July 1, 1010

Cranberry Macadamia Chippers

Whatever you do, DO NOT Make these cookies! Okay, if you do, purchasing Jillian Michael’s 30 Day Shred should be prerequisite. That is the only way you will work off the over-eating of these marvelous cookies!

My kitchen ended up as I remember leaving my mothers kitchen at about 14 years old. From time to time, (weekly really) while my mother was still at work, I would scrounge through her kitchen looking for something sweet after school. She had this policy, she would shop for our lunches and food for the week and buy little snacks like Twinkies or Ding Dong’s (actually she bought the generic brands) and she would say “When they’re gone, they’re gone!” meaning, if we ate them all before the next shopping day she was not buying more. Well, they were gone quite often.
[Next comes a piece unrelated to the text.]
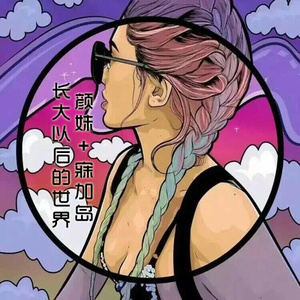 女同爆乳被❌🔞🔞㊙️
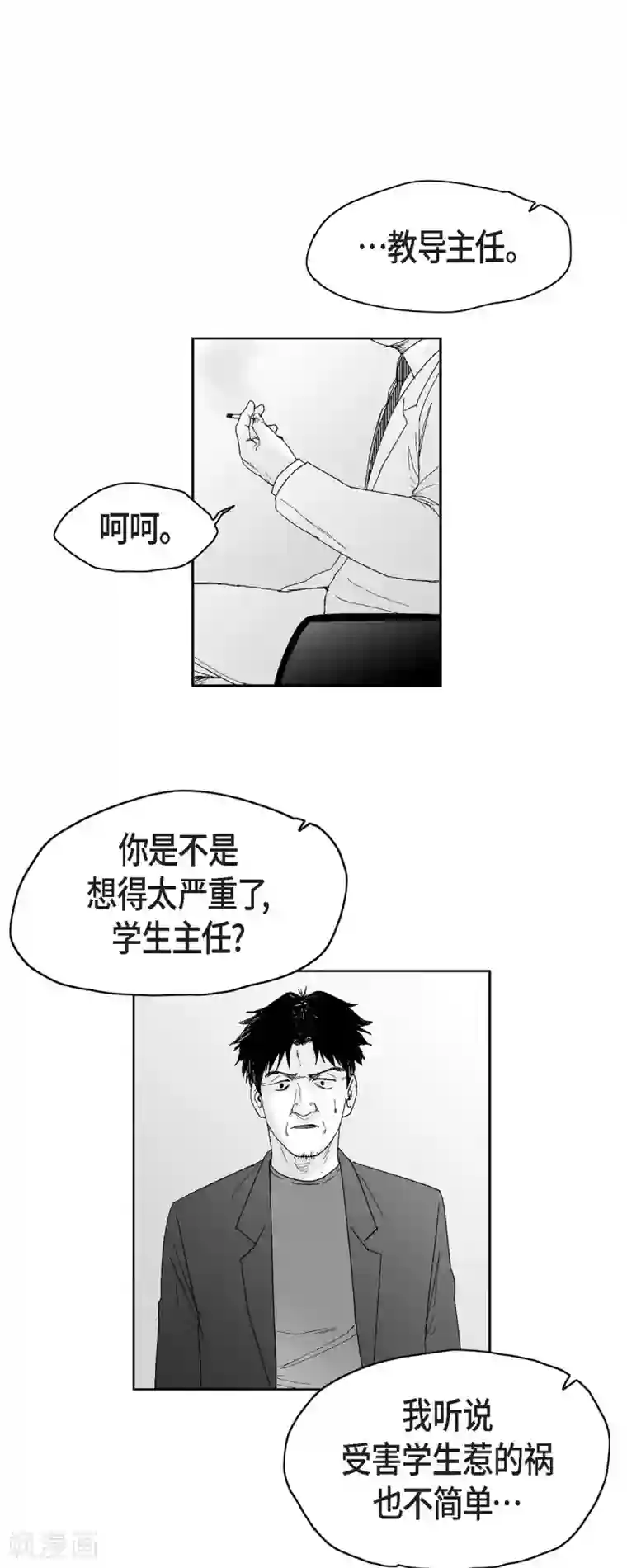 以牙还牙第40话 调查问卷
I would then get out the ingredients! This could get rather messy, especially with a younger brother and sister running around trying to grab hand-fulls of dough as it was being made. I always made sure the kitchen was “spotless” afterward. As you can imagine a “spotless” kitchen for a 14 year old is quite different than say for a mother of four. Never failing, she would come home and her shoes would “crunch” as she walked in from work. Sugar grains left on the floor! Her worst nightmare! She absolutely loathed the sound of it.

 

 

That is what the aftermath of these cookies reminded me of. That and the fact that they were good enough to work well as a bribe for my brother and sister. Bribes were necessary to keep them from spilling my 14 year old girlie “secrets” from my mother.(bribes of bakery items were quite popular those days!)

 

Cranberry Macadamia Chippers

1 stick organic butter
1/2 cup organic brown sugar
1/2 cup organic sugar
1/4 cup mashed organic banana
1 teaspoon vanilla
1 1/2 cups King Arthur all-purpose flour
1/2 teaspoon salt
1/2 teaspoon baking soda
1/2 cup macadamia nuts, chopped
1/2 cup dried cranberries, chopped
1/2 cup white chocolate chips (I used Guittard Choc-Au-Lait Vanilla milk chips)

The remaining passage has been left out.